Source: http://www.cnt-f.org/ul38/spip.php?article46

Les femmes doublement victimes des contre-réformes !

Les femmes doublement victimes des contre-réformes !

“2 actifs d’aujourd’hui produisent quasiment autant de richesses que 3 actifs de 1983. Le bon repère n’est donc pas la baisse du nombre d’actifs par retraité, mais la quantité de richesse produite et l’affectation de son produit. Car de 1983 à aujourd’hui la part des retraites dans le PIB n’a augmenté que de deux points, passant de 10,3 % à 13 % du PIB. Et elle a donc augmenté moins vite que la productivité des actifs…la part des profits dans les richesses produites a augmenté d’environ 9 points depuis 30 ans au détriment des salaires. Ce déplacement de 9 points du partage de la valeur ajoutée en défaveur du travail représente chaque année l’équivalent de 120 milliards d’euros Le problème du financement des retraites se résume donc à un problème de partage de la richesse créée…Les gains de productivité ont été massivement captés par le capital alors qu’ils auraient dû contribuer à financer les retraites et à faire progresser les salaires.
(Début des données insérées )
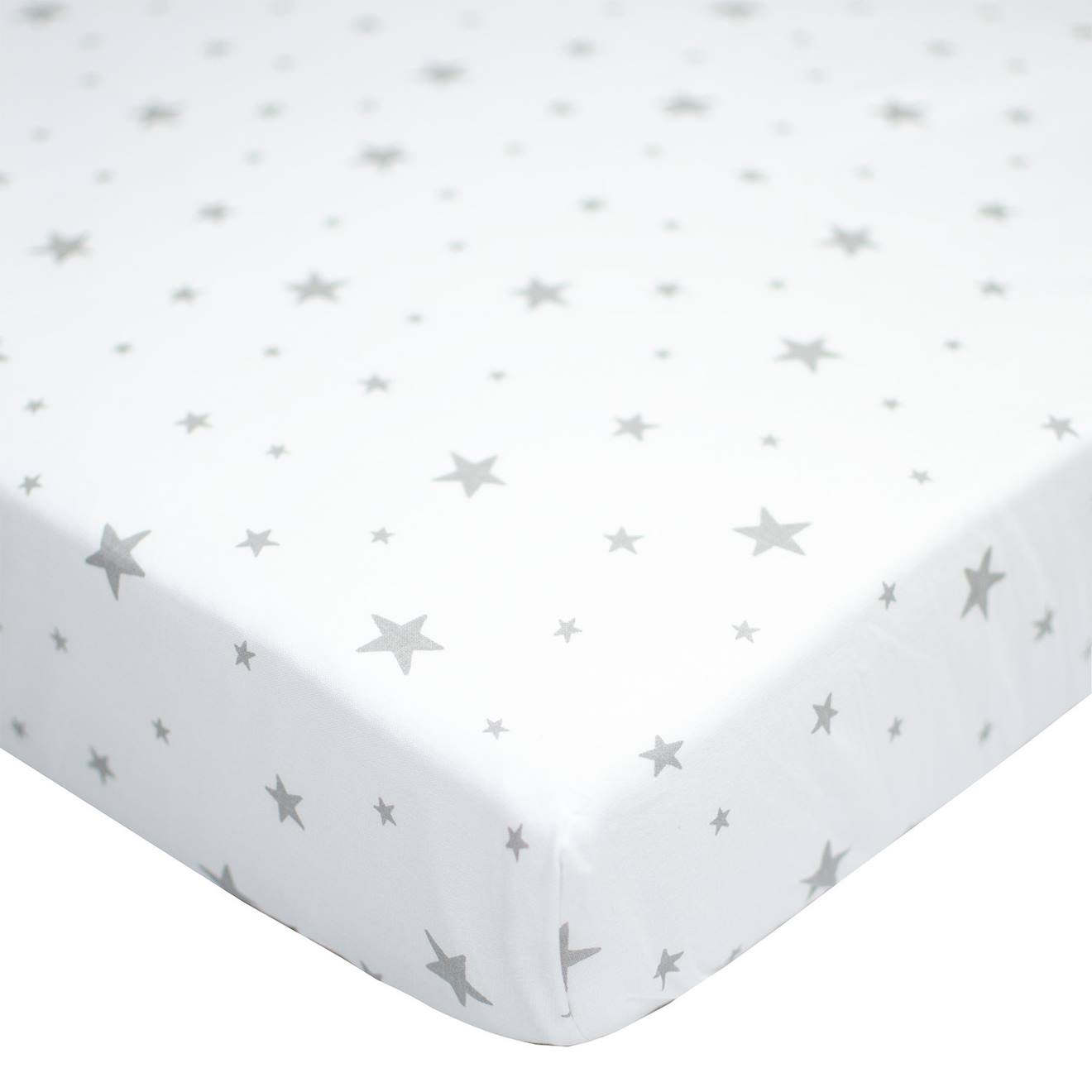 Drap-housse En Coton Stella Stella, Imprimé Étoiles Blanc,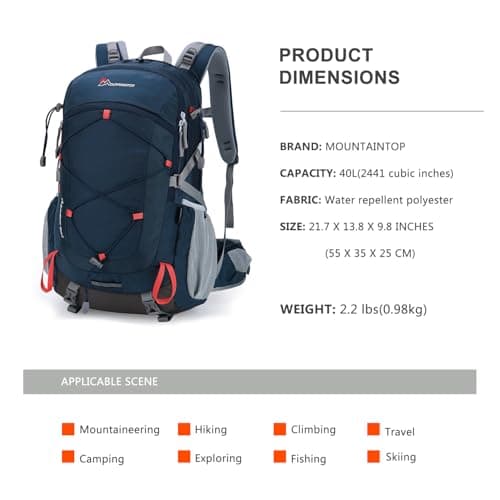 MOUNTAINTOP 40L Hiking Backpack Water Resistant Trekking Rucksack Unisex — view 2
C’est la contraction de la masse salariale qui compromet le financement des retraites. Depuis 1982, les salaires ont perdu 8 à 10 points dans le partage de la richesse créée ! Si cette richesse n’avait pas été perdue par les salariés, on n’aurait aucun mal à financer aujourd’hui les retraitesLes pensions de droit direct sont en moyenne deux fois moins élevées pour les femmes (782 euros par mois en 2004) que pour les hommes (1 617 euros)…Repousser l’âge de départ la retraite sous prétexte de « sauver » le système des retraites est particulièrement hypocrite quand on sait que les entreprises mettent au placard leurs salariés âgés et qu’au moment d’accéder à la retraite, 60% des salariés affiliés au régime général ne sont plus dans l’emploi, licenciés, en préretraite ou trop cassés par le travail pour pouvoir continuer à travailler...Les économies faites ainsi par le patronat sur le dos des précaires ont eu une double conséquence : continuer de vider les caisses (casser la solidarité sociale) et priver les précaires de leur droit à la retraite (puisqu’ils ne cotiseront jamais suffisamment)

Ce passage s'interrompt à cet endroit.